New York Times Journalist Takes Heat for Questionable Use of Flickr

Posted on 6/30/2009 by Julia Dudnik Stern | Printable Version | Comments (1)

Flickr continues to be the testing ground for appropriate user practices when it comes to images. When The New York Times’ contributor Sonia Zjawinski wrote about her penchant for printing out images she finds on the photo-sharing Web site and using them as wall art, readers’ reactions were far from favorable.

Zjawinski used her own ink jet printer and inexpensive photo frames. “And if you’re wondering about copyright issues (after all, these aren’t my photos),” she wrote, “the photos are being used by me for my own, private, noncommercial use. I’m not selling these things and not charging admission to my apartment, so I think I’m in the clear.”

The article made no distinction between images in the public domain, photos displayed under Creative Commons licenses or those labeled All Rights Reserved—all of which can be found on Flickr. In her excitement about a cost-effective decorating strategy, Zjawinski forgot to provide readers with even the bare minimum of legal background, thus encouraging copyright infringement among users that may not be familiar with all of the different types of licenses supported by Flickr.

In response to unfavorable feedback, Zjawinski attempted to rectify this shortcoming in a follow-up post. She cited some legal experts, who suggested that her decorating practice would fall under the fair-use provision of the U.S. copyright law. She also told users wishing to follow in her footsteps to stick to Creative Commons-licensed images or those with no known copyright restrictions, as is the case of The Library of Congress.

Yet even those suggestions will infuriate photographers who make a living by licensing images and selling prints. Furthermore, the rules are somewhat unclear even for Creative Commons-licensed or public-domain photos displayed on Flickr.

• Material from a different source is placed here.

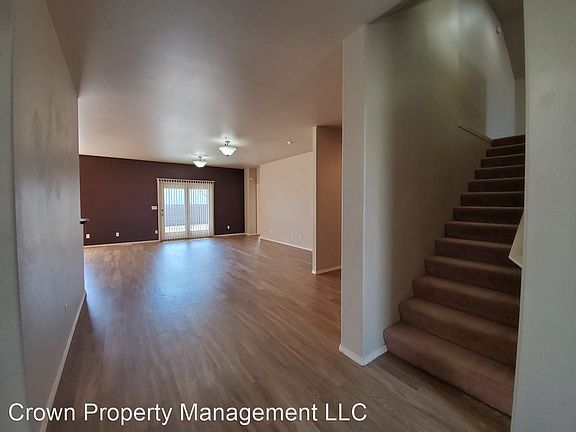 4th image of 1174 Tomich Ave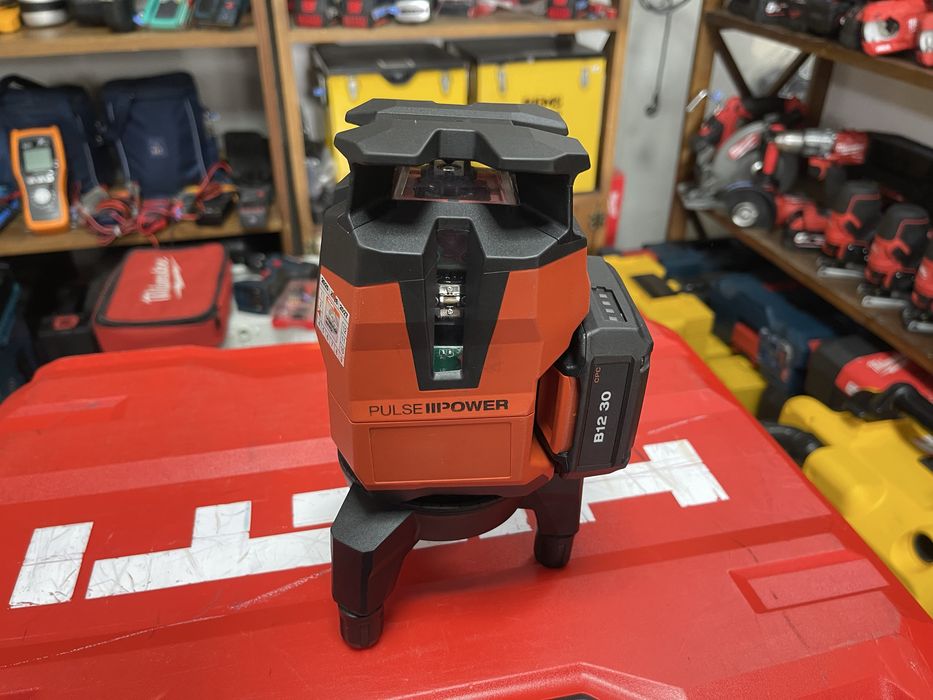 Hilti PM 40-MG / мультилінійний лазерний рівень Хілті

For example, Creative Commons licenses require attribution. This seems ridiculous to a person who simply wants to put a picture on an apartment wall—yet not displaying the photographer’s name is a technical violation of the license’s terms.

More importantly, Zjawinski’s method seems to violate Flickr’s own image-printing terms. The site advises image owners: “You can control who can order prints of your photos. If you set your preferences to allow another Flickr member to print your photos, the ‘Order Prints’ option will appear when that member looks at your photos.” Flickr stresses having permission, and the site’s spokesperson says that its policy is to seek owner guidance for its own uses of its members’ imagery, even in cases of Creative Commons licenses. In contrast, Zjawinski neither followed the site’s built-in mechanism for ordering prints—which would have cost her more than her own ink and paper—nor contacted the Flickr users who posted the images.

It is easy to condemn her. At the very least, she should have familiarized herself with the basics of copyright and Flickr policies before advocating her decorating approach to unsuspecting users. But can Zjawinski be accused of anything more than shoddy reporting, or is this situation simply part and parcel of technological advancements outpacing the legal system?

Copyright © 2009 Julia Dudnik Stern. The above article may not be copied, reproduced, excerpted or distributed in any manner without written permission from the author. All requests should be submitted to Selling Stock at 10319 Westlake Drive, Suite 162, Bethesda, MD 20817, phone 301-461-7627, e-mail: wvz@fpcubgbf.pbz


  • Ted Spiegel Posted Jul 8, 2009
    It would be interesting to see what response a forwarding of this article gets from the image licensing end of the New York Times and the author of the entry = Zjawinski.

    "That which is hateful unto you do not do unto others" is known as Hillel's Rule. Does it rule at the Times, which is diligently selling its archived images.